This project aims to implement a mock ring buffer using C multithreading. The implementation will subsequently be ported to an FPGA to support the efficient execution of "Configurable DSP-Based CAM Architecture for Data-Intensive Applications on FPGAs".
In this project, we focus on a one-to-one ring buffer implementation. This model is ideal for our target FPGA platform, which requires high-speed communication between the Processing System (PS) and Programmable Logic (PL).
The original implementation used General Purpose (GP) AXI-Lite ports to send instructions from the PS to the DSP-based CAM hardware in the PL. However, the AXI-Lite protocol introduces significant overhead due to bus arbitration and handshake latencies, becoming a system bottleneck. By implementing a ring buffer in On-Chip Memory (OCM), we leverage dual-port RAM characteristics, allowing the PS and PL to access shared data with minimal latency and significantly higher throughput compared to standard bus transactions.
In a SoC like the Zynq-7000, multiple "Master" devices (e.g., CPU cores, DMA, Video Engines) share the same "Slave" resources via an Interconnect. AXI Bus Arbitration is the management mechanism that decides which Master gets control of the bus when multiple requests occur simultaneously.
Think of it as a traffic light:
- Latencies: Every transaction must request access, wait for the arbiter to grant it, and perform a multi-step handshake (
VALID/READY). - Jitter: If other parts of the system are busy, the CPU might wait longer to send a single command, causing unpredictable timing.
By moving to an OCM-based Ring Buffer, we effectively bypass the "traffic light":
- Dedicated Path: OCM in Zynq is designed for low-latency, high-priority access. It often features multiple ports, allowing the PS and PL to access memory simultaneously without competing for the same bus cycle.

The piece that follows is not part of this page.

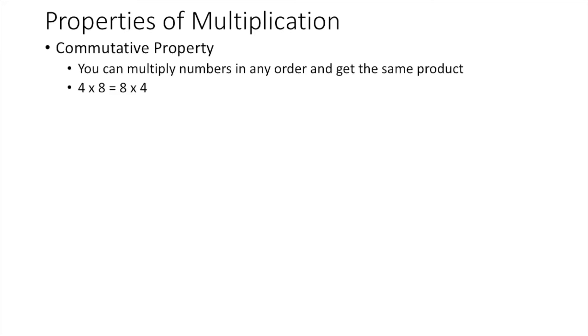4 times 8 is 32. 8 times 4 is 32. Whether the 4 or 8 comes first, it doesn't matter. Either way, you get 32. You can multiply numbers in any order and get the same product. This is an example of commutative property.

- Asynchronous Decoupling: Instead of a "Stop-and-Wait" approach (where the CPU waits for an AXI response), the PS simply writes data to the buffer and moves on. The PL reads the data at its own clock rate.
- Reduced Overhead: We eliminate the per-transaction arbitration overhead, replacing many small AXI-Lite bursts with a continuous stream of data through shared memory.
A ring buffer (or circular buffer) is a fundamental data transfer mechanism, particularly useful for asynchronous processes where a producer and consumer operate at different speeds.
- Fixed Size: Memory is pre-allocated, avoiding dynamic allocation overhead during runtime.
- Lock-Free Potential: In a Single-Producer Single-Consumer (SPSC) model, the ring buffer can be implemented without expensive mutexes or semaphores, provided that pointer updates are atomic and memory barriers are respected.
- FIFO Logic: Data is processed in the order it was received.
A typical ring buffer is managed by head and tail pointers:
- Producer (PS): Writes data to the
headand then increments it. - Consumer (PL): Reads data from the
tailand then increments it.
The buffer is "Full" when (head + 1) % SIZE == tail and "Empty" when head == tail.
While C++ is increasingly common in embedded systems development, we have chosen C for the following reasons:
- Toolchain Compatibility: The PS-side control for our FPGA (Zynq®-7000) is natively supported by C-based Xilinx drivers.
- Memory Determinism: C structs guarantee a predictable memory layout. By using
__attribute__((packed))and specific alignment pragmas, we can ensure the software structure maps exactly to the hardware-defined OCM addresses. C++ features like virtual tables or name mangling can introduce hidden offsets. - Execution Predictability: C avoids implicit overheads (e.g., hidden constructors or exception handling logic). This is critical for meeting the strict timing requirements of PL-PS synchronization.
- Concurrency: Single-Producer Single-Consumer (SPSC).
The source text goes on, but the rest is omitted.